---------- Data extract
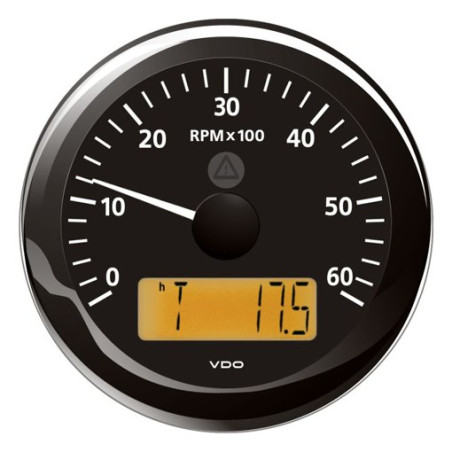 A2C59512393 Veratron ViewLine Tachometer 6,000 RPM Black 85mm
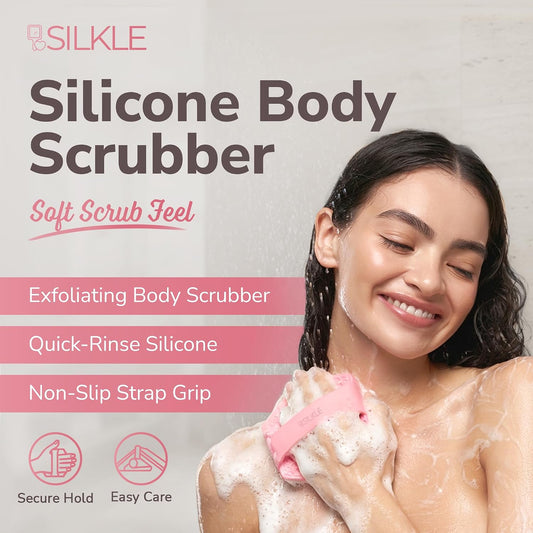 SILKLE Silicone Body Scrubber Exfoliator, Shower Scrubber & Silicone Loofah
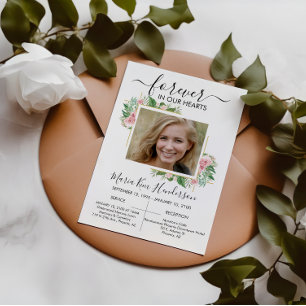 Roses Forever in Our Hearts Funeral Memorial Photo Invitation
--------------------
### What needs to be done:
The material above is to be transcribed exactly, with its images omitted.

### Answer space:
 A2C59512393 Veratron ViewLine Tachometer 6,000 RPM Black 85mm
 SILKLE Silicone Body Scrubber Exfoliator, Shower Scrubber & Silicone Loofah
 Roses Forever in Our Hearts Funeral Memorial Photo Invitation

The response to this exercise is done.